Appellant also contends that the trial court erred when, in considering his motion for a new trial, it erroneously assumed that appellant's codefendants, when on the stand, admitted being in Broderick on the night in question. The evidence concerning their whereabouts that evening was in conflict; however, there was sufficient evidence from which the court might infer that the defendants had been in that city. And as the court noted, the record must be taken "as a whole and that there is enough there to sustain a verdict." [7] It is well established that "in passing upon a motion for new trial the judge has very broad discretion and is not bound by conflicts in the evidence, and reviewing courts are reluctant *672 to interfere with a decision granting or denying such a motion unless there is a clear showing of an abuse of discretion." (People v. Robarge, 41 Cal. 2d 628, 633 [262 P.2d 14].) In the absence of a showing of such an abuse of discretion, this court is not warranted in interfering with the order of the trial court now attacked.

[8] Finally appellant contends that the district attorney was guilty of prejudicial misconduct in his final argument to the jury when he stated that the crime had been investigated by three different law enforcement agencies. In support of such contention, appellant states that the argument was irrelevant and made solely for the purpose of convincing the jury that if the case received such a thorough investigation, the defendants were more likely to be guilty than innocent.

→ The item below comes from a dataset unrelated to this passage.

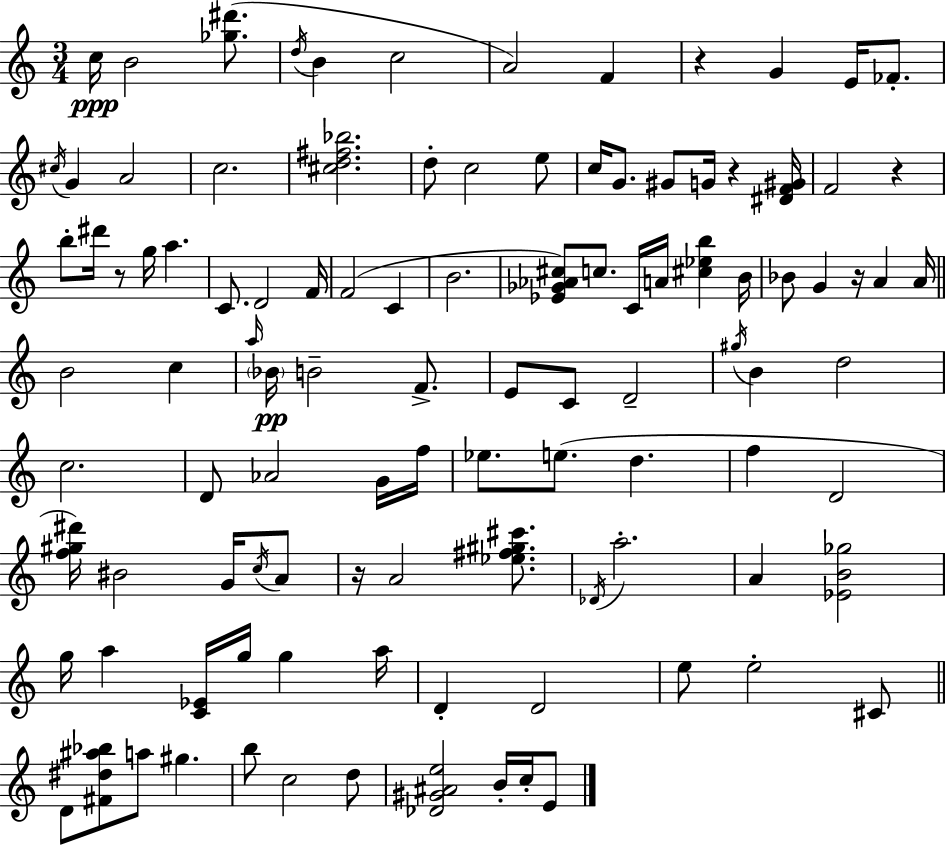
C5/s B4/h [Gb5,D#6]/e. D5/s B4/q C5/h A4/h F4/q R/q G4/q E4/s FES4/e. C#5/s G4/q A4/h C5/h. [C#5,D5,F#5,Bb5]/h. D5/e C5/h E5/e C5/s G4/e. G#4/e G4/s R/q [D#4,F4,G#4]/s F4/h R/q B5/e D#6/s R/e G5/s A5/q. C4/e. D4/h F4/s F4/h C4/q B4/h. [Eb4,Gb4,Ab4,C#5]/e C5/e. C4/s A4/s [C#5,Eb5,B5]/q B4/s Bb4/e G4/q R/s A4/q A4/s B4/h C5/q A5/s Bb4/s B4/h F4/e. E4/e C4/e D4/h G#5/s B4/q D5/h C5/h. D4/e Ab4/h G4/s F5/s Eb5/e. E5/e. D5/q. F5/q D4/h [F5,G#5,D#6]/s BIS4/h G4/s C5/s A4/e R/s A4/h [Eb5,F#5,G#5,C#6]/e. Db4/s A5/h. A4/q [Eb4,B4,Gb5]/h G5/s A5/q [C4,Eb4]/s G5/s G5/q A5/s D4/q D4/h E5/e E5/h C#4/e D4/e [F#4,D#5,A#5,Bb5]/e A5/e G#5/q. B5/e C5/h D5/e [Db4,G#4,A#4,E5]/h B4/s C5/s E4/e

A reading of the transcript discloses that the district attorney was merely refuting the previous argument of defense counsel attacking the overzealousness of the Yolo County authorities and the credibility of the various police officers who had testified. In no way did the attacked statement reflect the personal view of the district attorney or imply any personal knowledge of facts outside of the case. It should be noted that counsel for defendant raised no objection to the statement when it was made, nor did he question the propriety thereof at the time of his argument in support of his motion for a new trial, which from the record appears to have been made solely upon the alleged insufficiency of the evidence.

The judgment and order are affirmed.

Van Dyke, P. J. ,and Schottky, J., concurred.